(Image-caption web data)
——

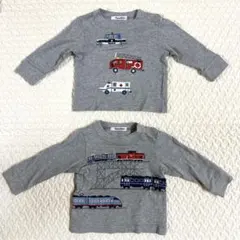 familiar 車　列車　長袖Tシャツ　80cm 2枚セット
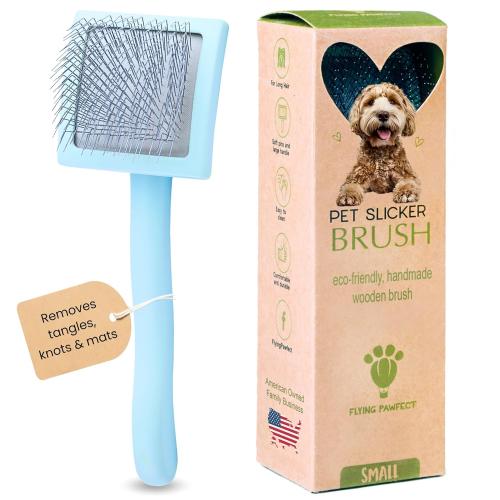 Pet Slicker Brush With Soft Massage Grooming Stainless Steel Pins - For Dematting, Shedding Fur, and Undercoat - Ideal Gift for Professional Pet Groomers - Long Slicker Brush - Flying Pawfect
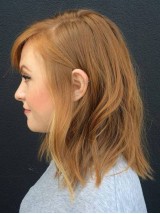 Medium Straight Capless Human Hair Wigs With Bangs 14 Inches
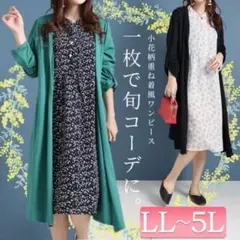 ✨新品未使用タグ付✨goldjapan重ね着風ワンピース✨大きいサイズ5L✨のサムネイル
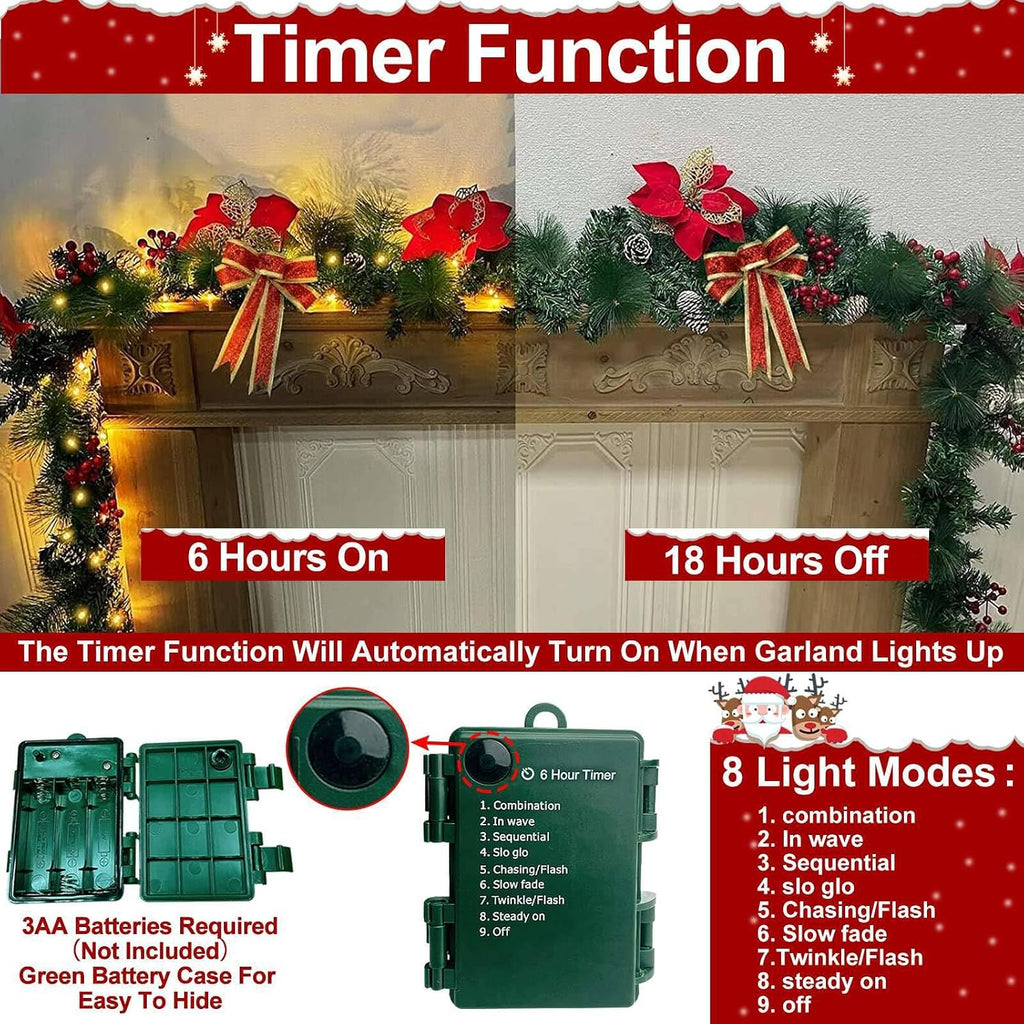 Total 18 Ft Long Prelit Christmas Garland 100 Warm White LED Lights 8 Modes Timer 270 Thick Branch Tips Pinecones Red
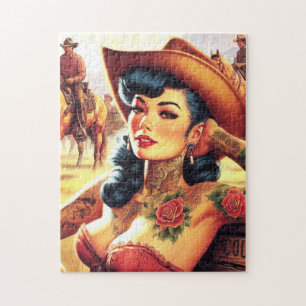 Hot Tattoo Cowgirl Jigsaw Puzzle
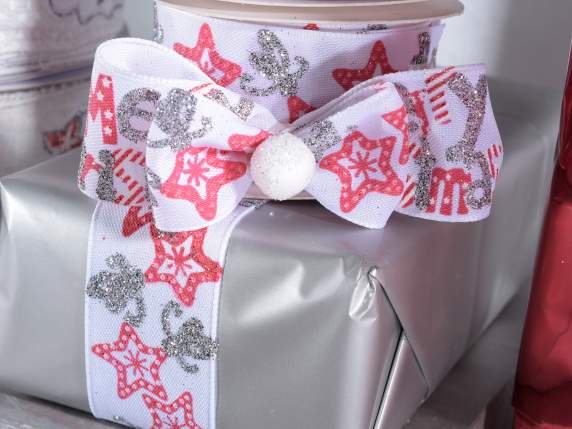 White moldable ribbon with Xmas decor,silver glitter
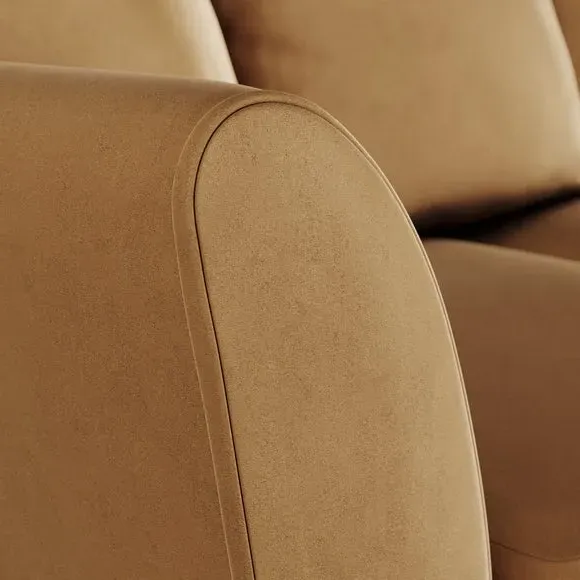 2-Seater Sofa with Flared Arms - Caramel, Velvet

——

Starting with the first line of the data, transcribe every line exactly through the one containing "Medium Straight Capless". No pictures go in.

 familiar 車　列車　長袖Tシャツ　80cm 2枚セット
 Pet Slicker Brush With Soft Massage Grooming Stainless Steel Pins - For Dematting, Shedding Fur, and Undercoat - Ideal Gift for Professional Pet Groomers - Long Slicker Brush - Flying Pawfect
 Medium Straight Capless Human Hair Wigs With Bangs 14 Inches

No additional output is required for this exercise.